I was supposed to be doing this as a buddy read with everyone, but I've not been keeping my end up at all. The cold I thought I'd beaten down made a comeback at the end of last week, so I kept falling asleep every time I tried to get stuck into Hogfather. Which sounds like a terrible condemnation of the book, but is really is NOT. The book was excellent. I'd prove it's excellence with quotes, except all my reading buddies beat me to all the quotes I liked the best.
There's mischief afoot in the Discworld, and the Hogfather is missing. Death decides to step in and play the Hogfather's role, visiting houses, filling stockings and doing his best to ensure that belief in the Hogfather never falters, while his grand-daughter Susan and a host of others do their best to thwart the mischief so Hogfather can come back.

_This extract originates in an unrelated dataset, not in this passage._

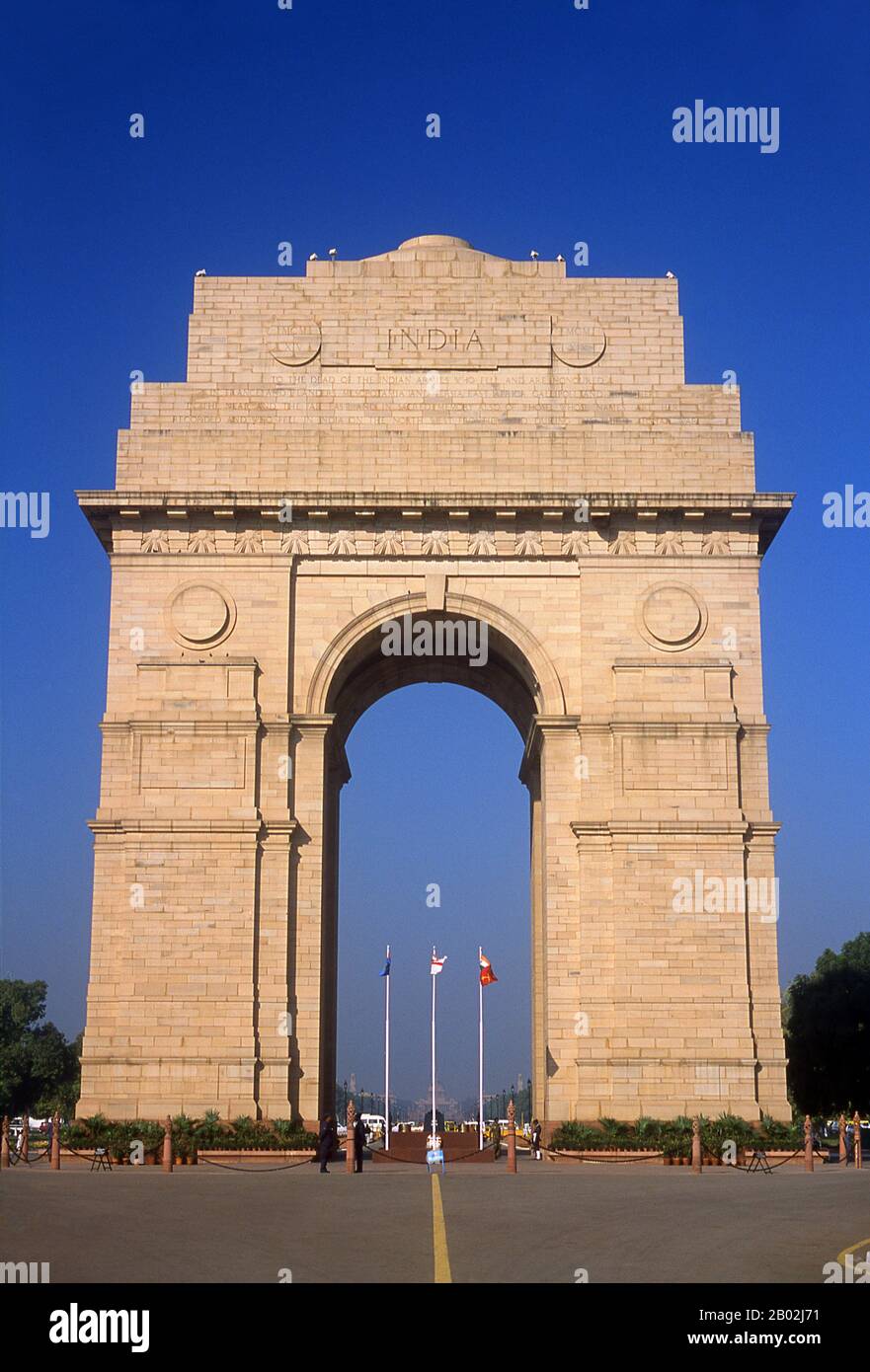 Das India Gate, ursprünglich als All India war Memorial bezeichnet, ist ein Kriegsdenkmal, das sich auf dem Rajpath am östlichen Rand der "zeremoniellen Achse" von Neu-Delhi befindet und früher Kingsway genannt wurde. Auf dem Gedenkbogen sind die Namen von etwa 70.000 indianischen Soldaten eingetragen, die im ersten Weltkrieg, in Frankreich und in Flanderns, Mesopotamien und Persien, Ostafrika, Gallipoli und anderswo in der Nähe und im äußersten Osten, zwischen 1914 und 19, starben. Außerdem trägt das Kriegsdenkmal die Namen von etwa 12.516 indischen Soldaten, die während ihres Diensts in Indien oder der Nordwestgrenze und während des Dritten Afghanistankrieges ums Leben kamen. Stockfoto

This is a brilliant story - practically flawless. My only two complaints are that:
1. Teatime is a little too evil; it adds an edge to the story that I freely admit is necessary; without it the whole thing would be a little less brilliant. Nevertheless, His story line was the fly in my lemonade; I'd be reading along having a rollicking good time and then he'd show up being manically evil, and it felt like someone let the air out of my balloons.
2. The book kept referring to both dollars and pence. Either this was done on purpose, because it's the discworld and can use any form of currency Pratchett would like, or else it's an editing error that wasn't caught during a transition from UK to international editions. If it's the former, well, that's totally fine. But I don't know, so I kept wondering if it was the latter and I kept getting tripped up by the discrepancy.
In the grand scheme of things, these are inconsequential - this is, hands down, the best discworld book I've read so far. But Teatime's rain on my holiday parade does keep me from going the whole 5 stars.
If you like silly fun with a side of very deep philosophy, read this book.
There's one quote I don't think anyone has beaten me to yet:
Humans need fantasy to be human. To be the place where the falling angel meets the rising ape.
That might very well be my favourite quote of the book.